The corporation must have its own bank accounts, its own tax returns, and any transfer between the owners and the corporation or any payments of any kind to the owners must be scrupulously accounted for. If the corporation pays sums to an owner, it is either income in terms of dividends or salary, or a loan, in which case a written promissory note should be created...and the loans repaid with legal interest. If the corporation pays expenses of an owner, there must be a legitimate business purpose or it must be declared as income to the owner-and deductible by the corporation.

And all this is true whether or not the corporation is Subchapter S, whether or not there is a single owner, single director, single officer-indeed, the more a single person controls all corporate activities, the more vital it is that the corporation scrupulously apply corporate formalities to avoid efforts to pierce the veil if things go wrong with creditors.

A client once commented to the writer that he felt foolish holding formal meetings with himself, with making resolutions and carefully executing the minutes as President and Secretary. The reply is obvious: you will feel much more foolish if the jury determines that the corporate veil you relied upon should be ignored.

A common error of owners is to dislike withholding taxes on their own salaries to the extent that they pay themselves sums without withholding or use bonuses at the end of the year to make up for absurdly low salary. Remember: what may seem to save taxes for you now may cost you far more down the road when a clever attorney argues that one cannot ignore realities when it is to your benefit, then claim a corporate structure when things go wrong.

Isolated events, unless remarkable, will usually not result in piercing the corporate veil. Juries (and judges) look at the totality of the circumstances and use a rough criteria of fairness to determine if the corporate formalities were violated to an extent to make voiding the structure appropriate. Missing minutes for a year or two; not signing a relatively small promissory note; failing to perform in a fully formal manner at meetings-these, alone, will not void the structure usually. However, a long pattern of such conduct or a particularly grievous example can, alone, result in personal liability being imposed if the jury is aroused by a particularly attractive plaintiff.

For example, this writer witnessed a case in which an owner, just prior to closing the doors of his corporation and beginning a new business, simply "sold" all the assets of his old corporation to the new business at a very low price, then declared a dividend to himself from the old company, thereby pocketing the proceeds and promptly closed the doors of the old company to the dismay of many creditors. The plaintiff, an elderly lady who had loaned money to the first company, sued and claimed the transfer should be voided and personal liability imposed. The angry judge not only voided the transfer, but pierced the corporate veil, imposed personal liability (and all the other creditors promptly filed their own actions against him.) The defendant had kept good minutes for over five years, had signed all the papers properly as President-but the clear fraud perpetrated on creditors allowed the court to ignore the corporate structure.

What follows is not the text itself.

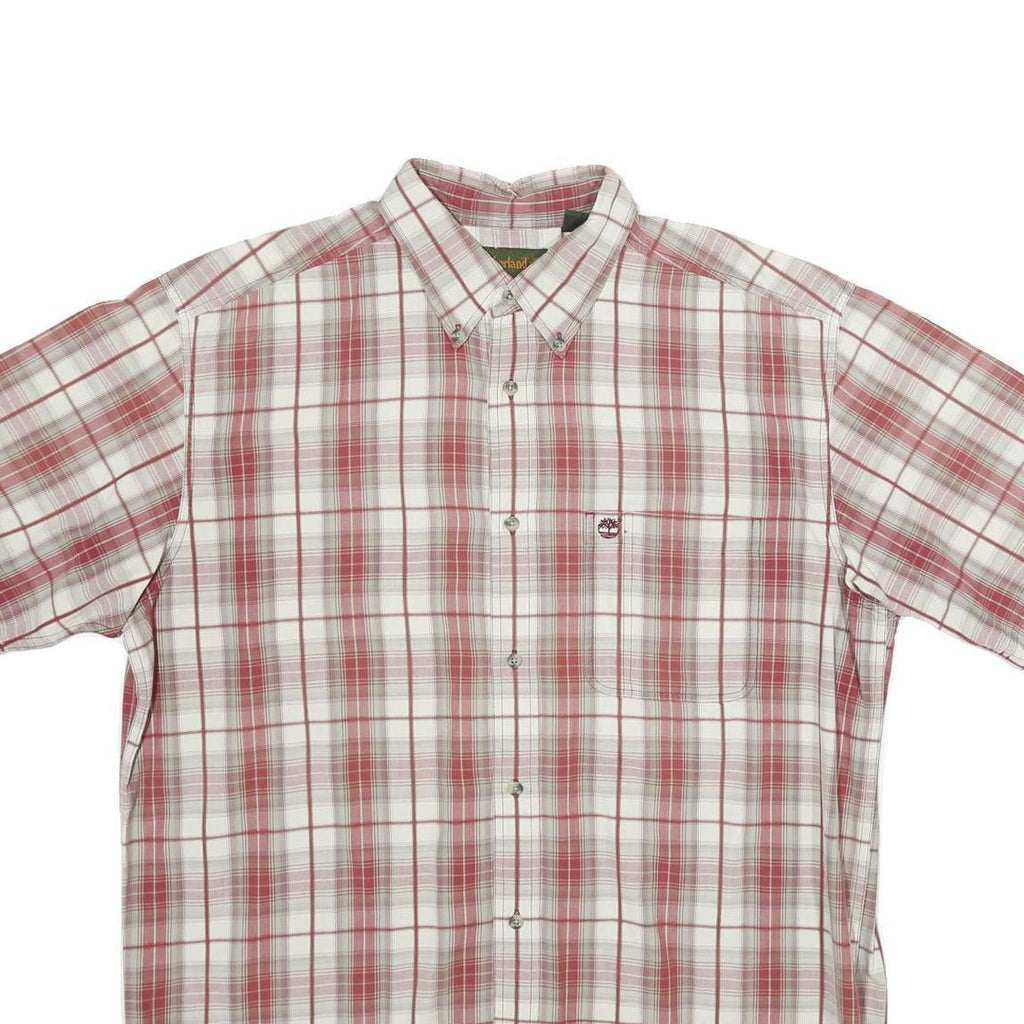 TIMBERLAND Mens White & Red Check Shirt L Casual Cotton Short Sleeve Button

What should he have done? Simple: use common sense. If one is selling assets, one must get fair market value and as the first step he should have obtained expert opinion as to true value and paid the full price or held a public sale-and sold to the highest bidder. Second, if insolvent he never should have declared a dividend to himself. The combination of self dealing and inappropriate dividend was enough to anger the court and destroy the corporate protection.



In most cases in which the court allows piercing the corporate veil we find much more than mere failure to keep good corporate records . There is usually a degree of duplicity and dishonesty that annoys the judge or jury. If one abuses the corporate structure for personal benefit and ignores the corporate formalities, yet seeks to rely on the corporate formalities to seek protection, one is risking exposure.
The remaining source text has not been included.